Whipple procedure

The Whipple procedure (pancreatoduodenectomy) is a complex operation to remove part of the pancreas, part of the small intestine and the gallbladder.

The Whipple procedure is most often used to treat pancreatic cancer that’s confined to the head of the pancreas. But it may also be used to treat tumors and other abnormalities of the pancreas, small intestine and bile duct.

After performing the Whipple procedure, surgeons work to reattach the remaining portions of the digestive system so that your body can digest the food that you eat and you can expel waste normally.

The Whipple procedure is a difficult and demanding operation for both the person undergoing surgery and the surgeon.

The Whipple procedure can take several hours to perform and requires great surgical skill and experience. The area around the pancreas is complex and surgeons often encounter patients who have a variation in the arrangement of blood vessels and ducts.
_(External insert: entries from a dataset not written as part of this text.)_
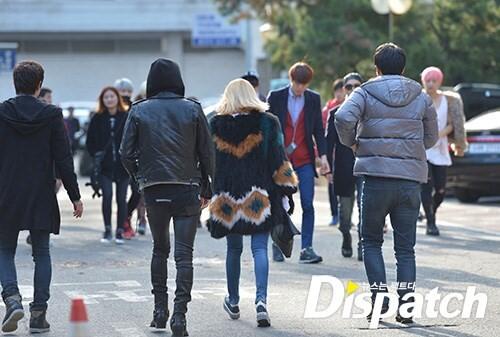 BYmL2viCYAANv68.jpg:large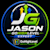 Jason Ayinla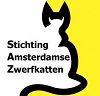 Vacature toegewijde kantoormedewerker bij de Stichting Amsterdamse Zwerfkatten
After the Whipple procedure was introduced, many surgeons were reluctant to perform it because it had a high death rate. As recently as the 1970s, up to 25% of patients either died during the surgery or shortly thereafter.
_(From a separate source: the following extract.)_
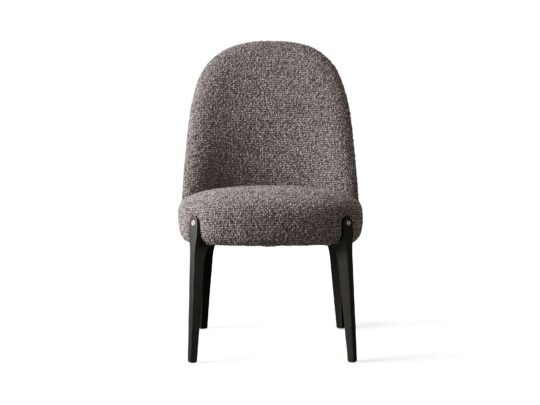Arhaus Bottoni Dining Chair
Since then, improvements in diagnosis, staging, surgical techniques, anesthesia, and postoperative care have reduced the short-term death rate to less than 4% in patients whose operation is performed at cancer centers by experienced surgeons. At some major centers, the reported death rate is less than 1%. But the rate may still be above 15% in patients who are treated at small hospitals or by less experienced surgeons.

Because the Whipple procedure continues to be one of the most demanding and risky operations for surgeons and patients, the American Cancer Society says it’s best to have the procedure done at a hospital that performs at least 15 to 20 pancreas surgeries per year. The organization also recommends choosing a surgeon who does many such operations.